• What the task asks:
Would you print the data below exactly, leaving out every picture?

Caption-style text data:
|---|

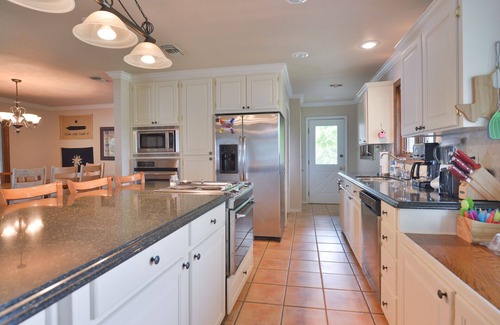 Cedar Creek Reservoir House | 6-Bedroom Lakehouse with Pool/Basketball/Mini-Pickleball/PingPong/X-Box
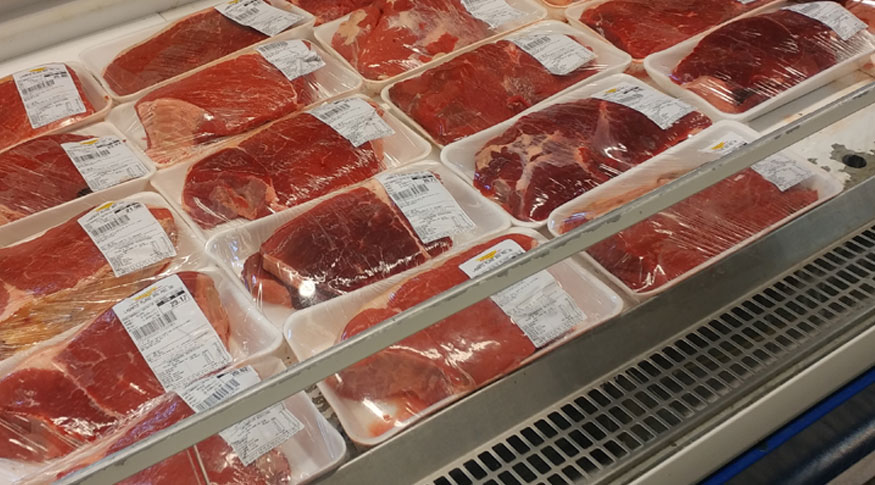 #PraCegoVerfoto de cortes carne embaladas no freezer do supermercado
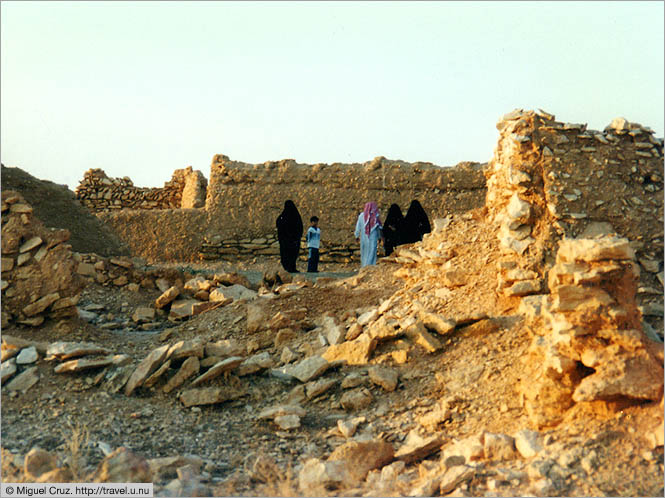 Saudi Arabia: Riyadh: Family outing to Dariyah
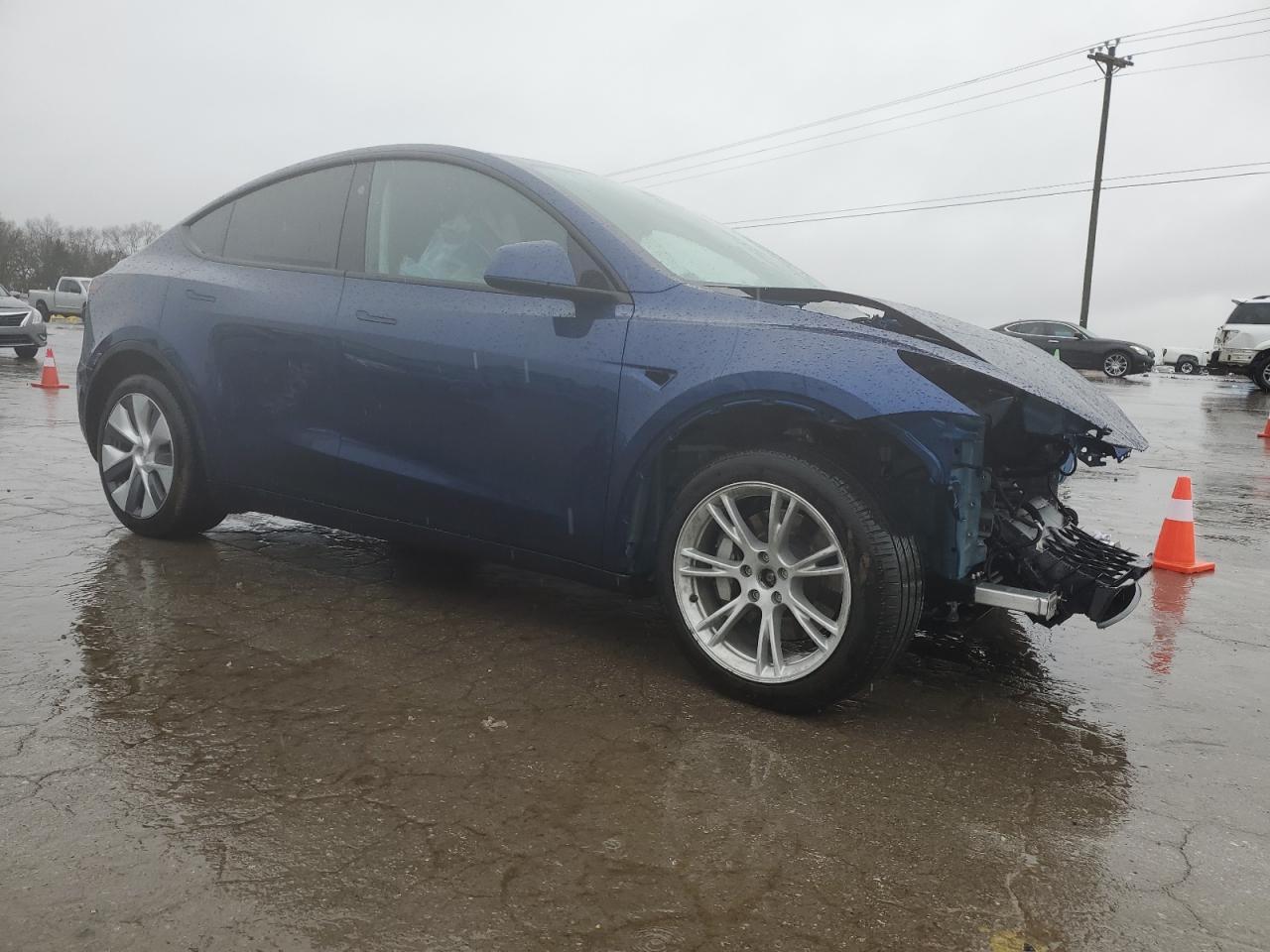 2023 TESLA MODEL Y - Фото 4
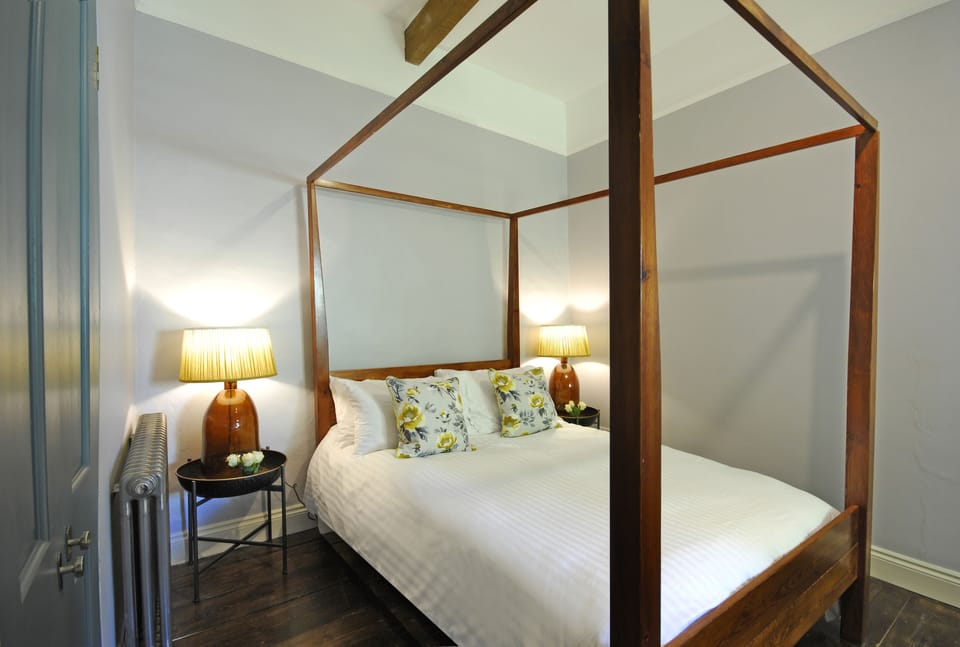 Deluxe House | 2 bedrooms, iron/ironing board, free WiFi, bed sheets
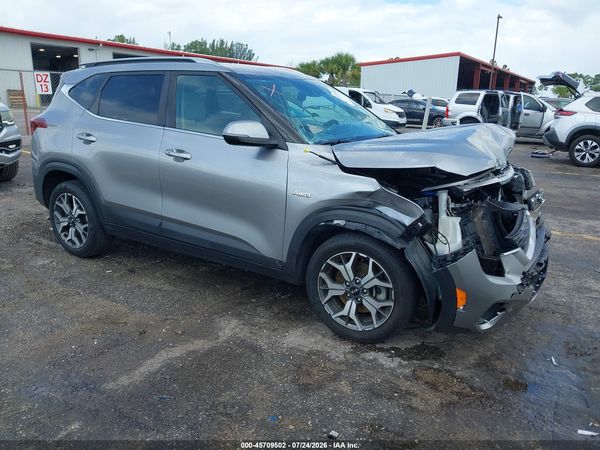 2021 KIA SELTOS EX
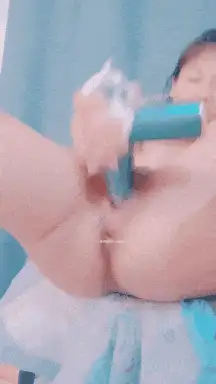 自拍 [猎奇-喷屎-喷尿]小倾城_对着自己的骚穴屁眼狂怼【1+4.8g】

|---|

• Exercise output:
 Cedar Creek Reservoir House | 6-Bedroom Lakehouse with Pool/Basketball/Mini-Pickleball/PingPong/X-Box
 #PraCegoVerfoto de cortes carne embaladas no freezer do supermercado
 Saudi Arabia: Riyadh: Family outing to Dariyah
 2023 TESLA MODEL Y - Фото 4
 Deluxe House | 2 bedrooms, iron/ironing board, free WiFi, bed sheets
 2021 KIA SELTOS EX
 自拍 [猎奇-喷屎-喷尿]小倾城_对着自己的骚穴屁眼狂怼【1+4.8g】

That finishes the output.